Retype the listing below exactly, pictures removed.

• **INFORMATION PROVIDED**:
##############################

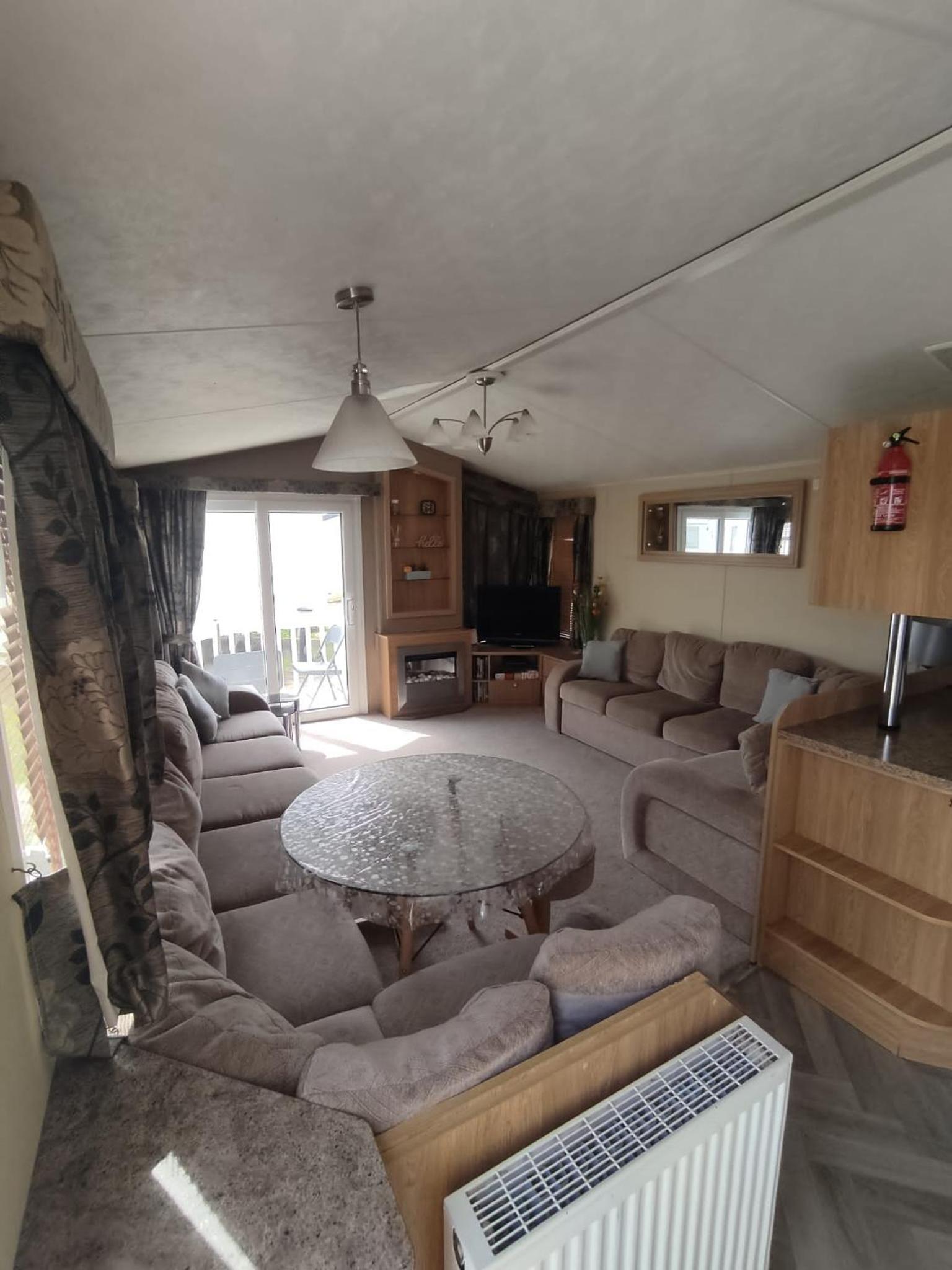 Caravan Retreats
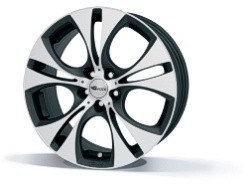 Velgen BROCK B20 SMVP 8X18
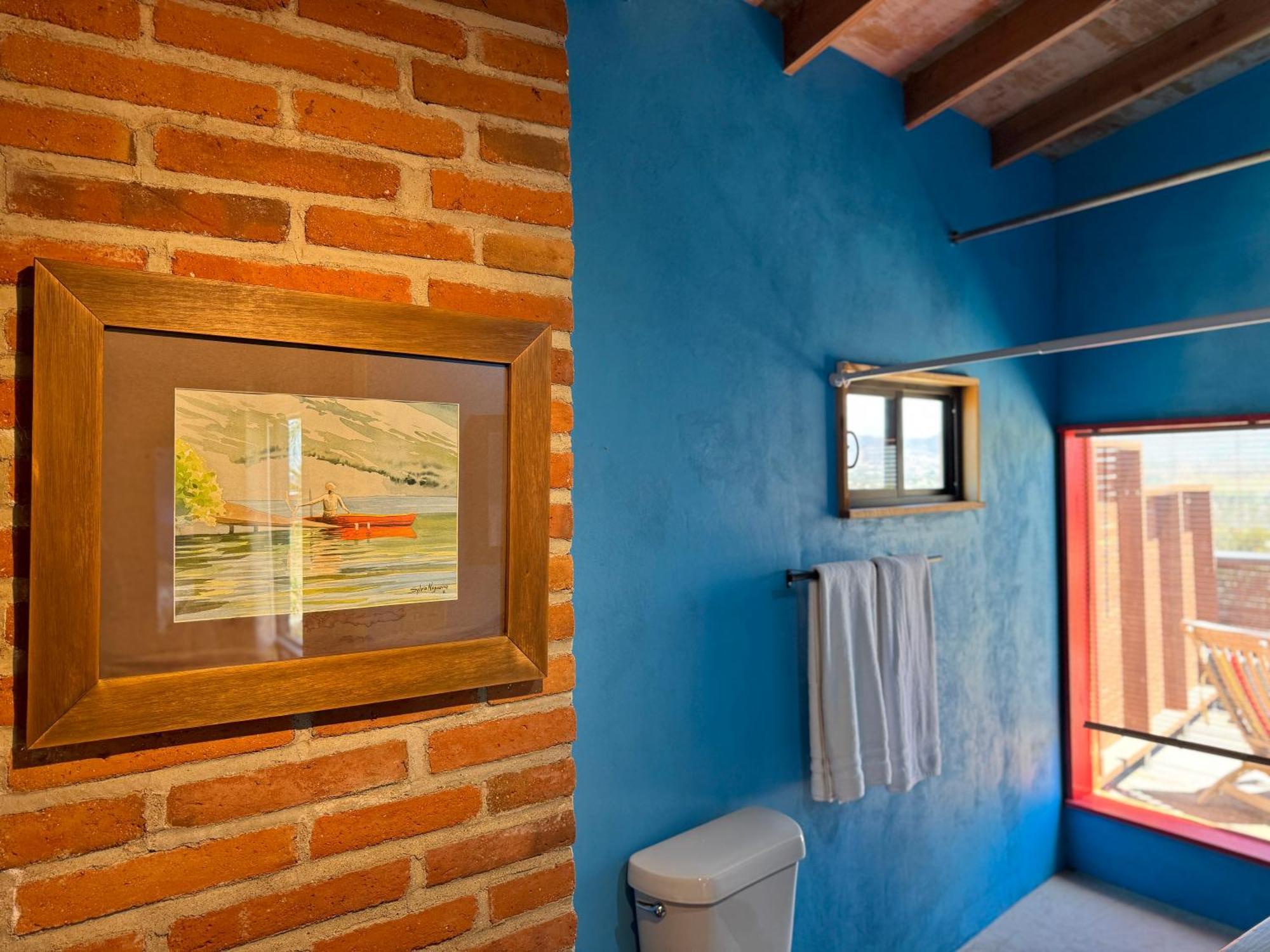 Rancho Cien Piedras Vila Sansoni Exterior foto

##############################

• **ANSWER TO THIS EXERCISE**:
 Caravan Retreats
 Velgen BROCK B20 SMVP 8X18
 Rancho Cien Piedras Vila Sansoni Exterior foto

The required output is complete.